Reactivation of Zeta-Globin by deletion of BCL11A and LRF in HUDEP cells (ChIP-seq). Reactivation of Zeta-Globin by deletion of BCL11A and LRF in HUDEP cells (ChIP-seq)

The alpha and beta-globin loci harbour genes that are expressed during development and silenced throughout post-natal life. Learning to reactivate these genes may offer new therapeutic approaches for the hemoglobinopathies, the most common single gene disorders. Here, we address the mechanisms underlying the regulation of the gene encoding zeta-globin, the embryonically expressed alpha-like globin. Overall design: CRISPR/Cas9 editing was carried out to generate homozygous clones where LRF, BCL11A and BCL11A/LRF were homozygously deleted. Effects of edited variants were determined by ChIP-seq of chromatin marks in technical replicates. Experiments were carried out at Day 10 of differentiation on unsorted cells.
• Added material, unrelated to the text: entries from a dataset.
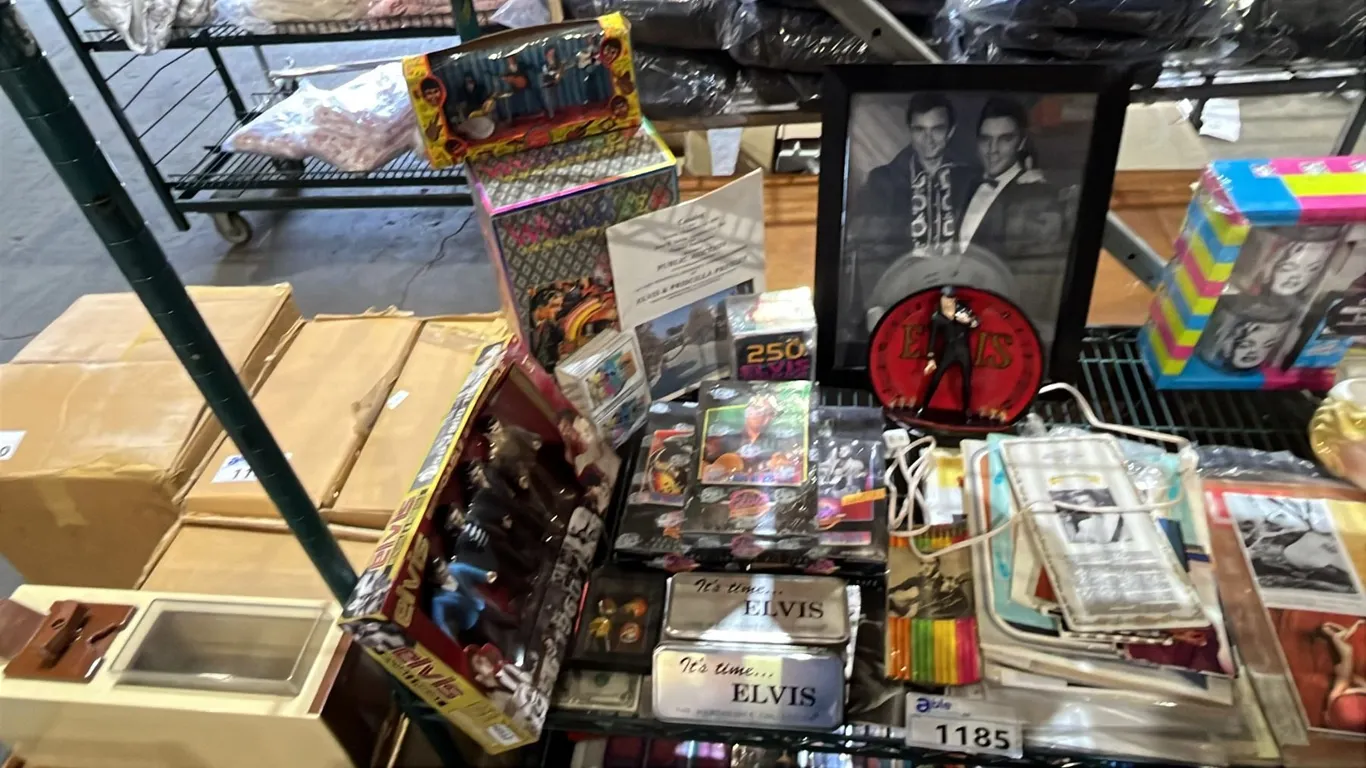 SHELF OF ASSORTED ELVIS PRESLEY COLLECTABLE ITEMS INCL. CARDS, TINS, MAGZINES AND MORE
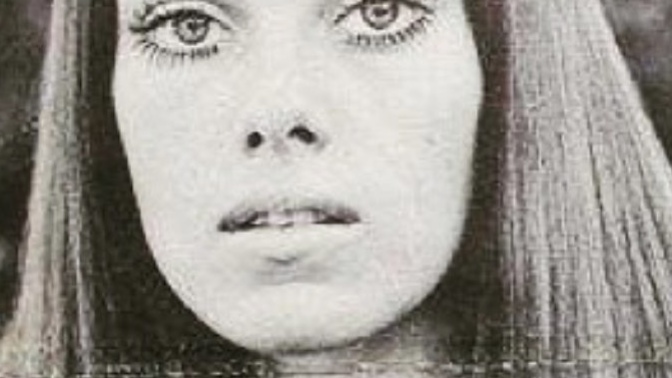 Which vintage woman is the most beautiful?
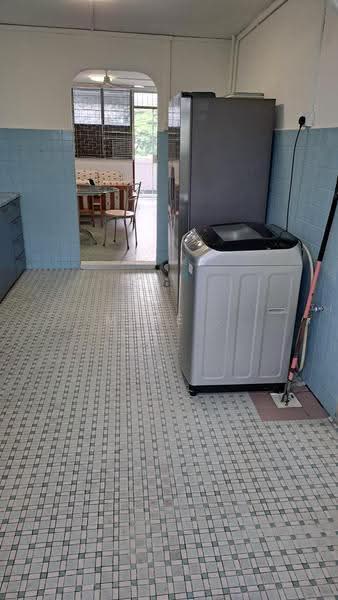 117 Lorong 1 Toa Payoh, 117 Lorong 1 Toa Payoh, Balestier / Toa Payoh, 2 Bedrooms, 690 sqft, HDB Flat For Rent, by Mike ., 500248317 - Kitchen - PropertyGuru.com.sg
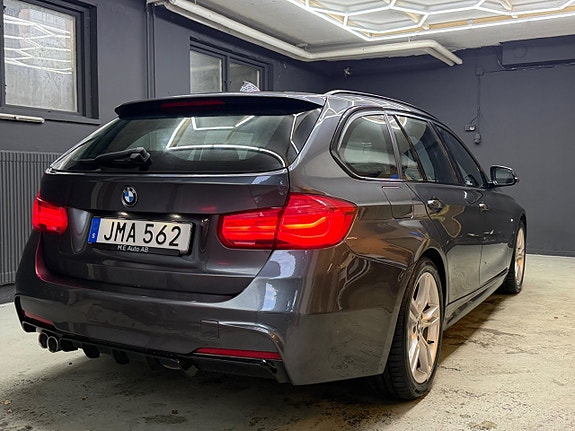 BMW 320d 4 of 21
α-珠蛋白基因座与β-珠蛋白基因座携带着在发育阶段表达、而在整个产后生命周期中被沉默的基因。重新激活此类基因的相关研究，可为血红蛋白病（hemoglobinopathies）——最为常见的单基因遗传病——提供全新的治疗策略。本研究旨在解析编码ζ-珠蛋白（zeta-globin）的基因的调控机制，该基因属于胚胎阶段表达的类α珠蛋白家族成员。 整体实验设计：采用CRISPR/Cas9基因编辑技术构建纯合克隆，分别实现LRF、BCL11A的纯合缺失，以及BCL11A与LRF的联合纯合缺失。通过对染色质修饰标记进行染色质免疫共沉淀测序（ChIP-seq）并设置技术重复，以此评估编辑后的变异株的调控效应。所有实验均在未分选的细胞中，于细胞分化第10天开展。